Civil rights icon Jitu Brown and Rochester activist Rosemary Rivera write that state takeover of the Rochester public schools is a bad idea.
They write:
We know that Rochester residents want the same thing: excellent public schools where it is a joy to teach and learn. The fact that this vision hasn’t been realized on a district-wide basis is painful, and there’s a growing sentiment that something has to be done, anything, to turn the tide. However, dissolving a democratically elected school board takes Rochester further from its goal and disempowers the very community it should be lifting up….
To pin the problems in the RCSD on the school board is misguided. There is no quick fix for school performance when large numbers of children are struggling with poverty, hunger, and housing insecurity….
We have failed to fully contend with the role of structural racism in education outcomes. Students of color face disproportionately high rates of suspension and excessive discipline. When students are suspended for weeks at a time, they fall behind and their academic performance suffers.
Schools like Enrico Fermi School 17 have emphasized restorative practices to repair school relationships and keep students engaged in the classroom… The strides made by School 17 should serve as a model for the rest of the Rochester City School District.
Enrico Fermi is a community school that provides wraparound services, including an on-site recreation center with after-school programs and meals for children. The board is strongly in favor of expanding the community school model and restorative practices, but these programs require investment. Addressing the problems faced by students and families in poverty takes a “whole student” approach.
Moments of crisis can lead us to take rash actions. The Chamber of Commerce and pro-business groups will use this crisis as an opportunity to push privatization and charter expansion – an approach we’ve already seen fail in New Orleans, Newark, and Detroit.
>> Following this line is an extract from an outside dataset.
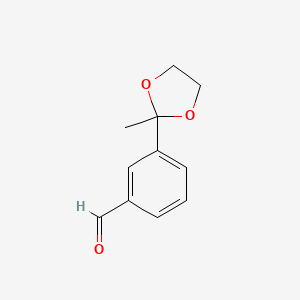 molecular formula C11H12O3 B3046895 Benzaldehyde, 3-(2-methyl-1,3-dioxolan-2-yl)- CAS No. 132100-31-3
These are the same groups that have worsened the crisis through the shameless promotion of austerity budgets and anti-worker policies that keep people trapped in poverty.
A recent study by the Education Justice Network shows that countries that invest in public education with a focus on equity outperform countries that have privatized their education systems. Canada outperforms the United States, Cuba outperforms Chile, and Finland outperforms Sweden. What children in New York and other urban communities across the United States need is equity.
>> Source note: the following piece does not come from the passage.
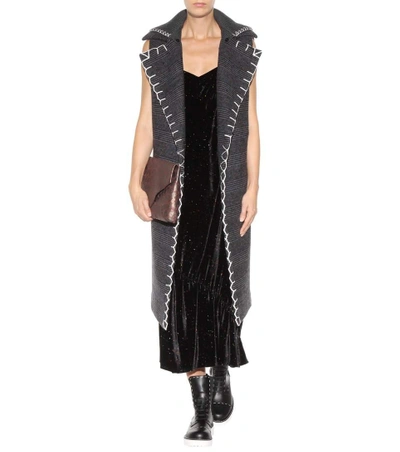 Shop Edun Printed Velvet Dress In Black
Progress in our schools has been slow and uneven, but we know what works. Our focus should be on expanding the successful programs we see at Enrico Fermi School 17, Francis Parker School 23, World of Inquiry School 58, and many other outstanding schools in the district. Taking away the voice of voters and community members isn’t the answer.
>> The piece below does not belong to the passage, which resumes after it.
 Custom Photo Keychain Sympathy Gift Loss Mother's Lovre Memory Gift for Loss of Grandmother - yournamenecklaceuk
New York needs to examine the failure of state takeovers and privatization. Roosevelt, Long Island schools failed to improve as a result of state takeovers, Changing top management does not improve outcomes. What changes outcomes are making an investment in poor communities and schools. Cuomo can start by paying Rochester the $94 million dollars owed to the city by the state.
Cuomo is another “wanna be.” Wonder what his KICK-BACK is?
So, “investment” in WHAT (SPECIFICALLY) will “improve outcomes???”
ok..it is up at Oped https://www.opednews.com/Quicklink/Rochester-NY-State-Takeo-in-General_News-Child-Poverty_Diane-Ravitch_Education_Education-Costs-190615-164.html#comment736463
with the following comments *which have embedded links back to Diane’s blog).
I endeavor to get the public to see the war on public education, as the division into almost sixteen thousand separate systems in 50 states allows the privatization people to dismantle our local control of our schools.
my comments
COMMENT
One NO ONE IS WATCHING! This is how it is done– piece by piece. Ripe for takeover, 15,880 separate school districts in 50 states are on beyond absorbed by legislatures, without an educator on board. The the ‘job’ is farmed out to. for-profit markets.
Here.. look at this example in Missouri– Tom Ultican has been chronicling the advance of the DPE (Destroy Public Education) Movement. He attended the recent conference of the Network for Public Education, where he heard from leaders of the Kansas City (Missouri) school district and realized that it was suffering from the DPE strategy.
He wrote this post about the deliberate and heedless destruction of what was once a vibrant school district .
The city and the school district were, to begin with, victimized by white flight. Subsidized by federal housing policies, whites abandoned the city. Responding to a court order, the state poured huge sums into magnet schools in hopes of luring white students back, but it didn’t work.
Then the DPE moved in, like vultures, to feast on the carcass of the remaining public schools.
Then, there is this article about an impoverished Ohio district was written by Robert Brownlee, who grew up in East Cleveland, attended its public schools, and spent his career in its public schools. He hits the nail on the head: The state takeover will do nothing to address the root causes of low academic achievement.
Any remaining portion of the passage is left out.